Sure, I still heard other people talking about how many calories they burned and comparing the efforts they went to with a note of bragging to the tones. There was a group of people there that day who were mid way into training for some sort of triathlon and a couple others who were preparing for a marathon.
But it was clear I wasn’t, and they left me alone.
My fears quieted and gradually I became used to the gym, even though it will never be the happy place for me that it seems to be for other people.
And I learned there is no shame in starting small. There is no shame in saying to yourself, ‘I can’t do that yet.’ Its not something that in general I like to admit to myself, that I can’t do something. But adding the ‘yet’ helps, as long as I was moving towards it. I said ‘I can’t’ many times before and then didn’t even try, which is what led to my issues in the first place.
By taking, ‘I can’t even get up and down from the floor to work out,’ and adding the yet, I gave myself hope that one day I would be able to.

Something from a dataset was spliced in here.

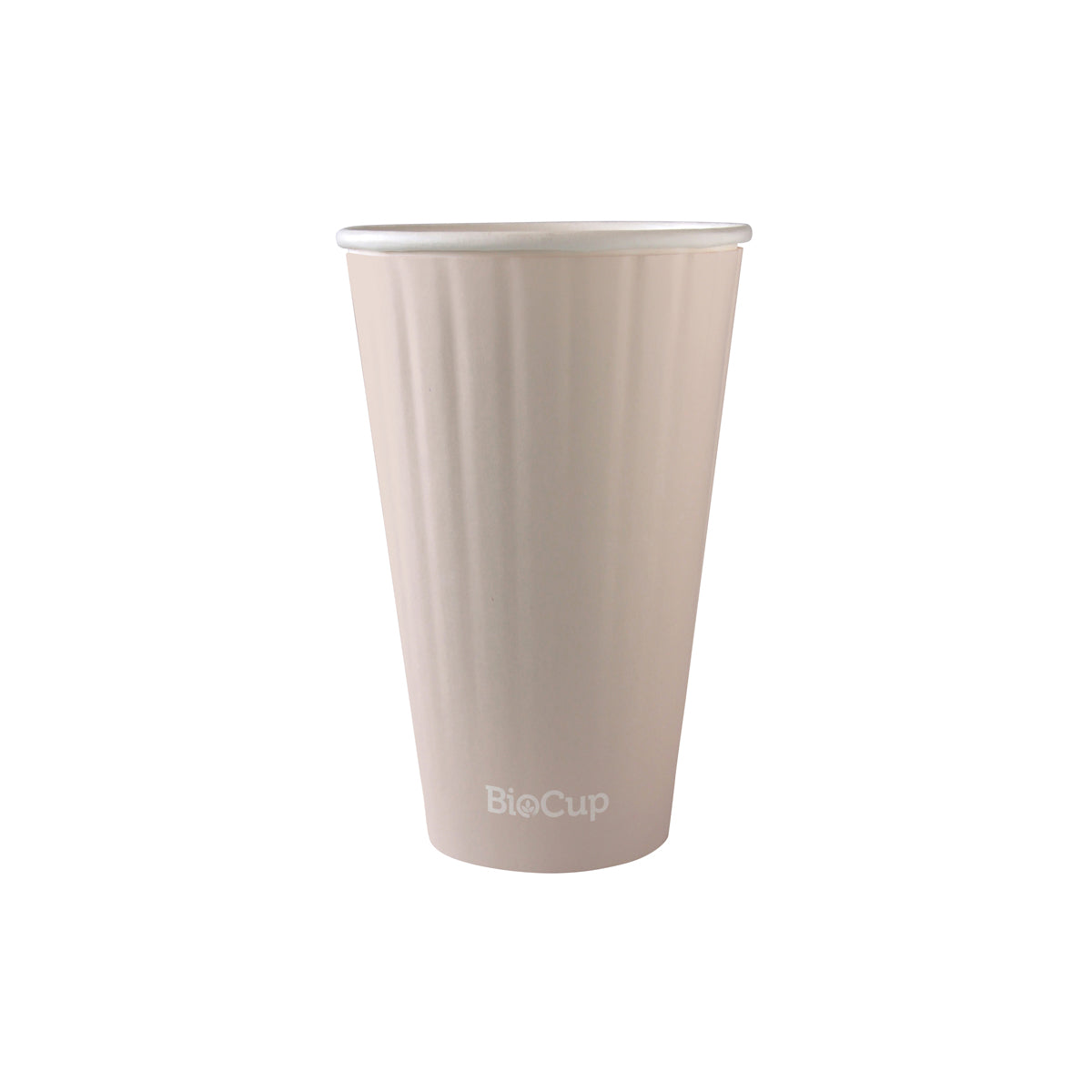 ABC-16DW BioPak Double Wall Stone BioCup (90mm) 460ml / 16oz Native Wholesale Hospitality Supplies Canberra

If I kept working at it. Twelve crunches while on the top of a towel laid out on the bed doesn’t sound like much, but it is better than no crunches. And it leads to fourteen crunches, twenty-five crunches and then being able to do the floor exercises on the actual floor.
Then the thought becomes, ‘Sure, I can do the floor exercises, but I’m not ready for the gym, yet.’ and since you’ve already knocked one yet off of your list, this second one comes with a heavier dose of hope. As do the rest of the yets on your list. I still have plenty of them to check off my list, but I know I’ll get there.
There is no shame in starting small. There is no shame in doing what you can do and working until you can do more. I know in a world with many levels of instant gratification this is a strange thought, but it is a true one. You can’t wish the weight off, I tried. No matter what infomercials tell you, there is not a pill or a cleanse or a magic bean that will make the fat go away either. Admittedly, I think the magic beans only claim to summon giants.
Which is a different issue all together.
Losing weight requires work. It takes effort and there is no shame in starting small and letting your efforts build up.
And anytime you feel like the small thing you are doing is too small, too insignificant to matter, just remember doing anything, no matter how small, is better than doing nothing at all.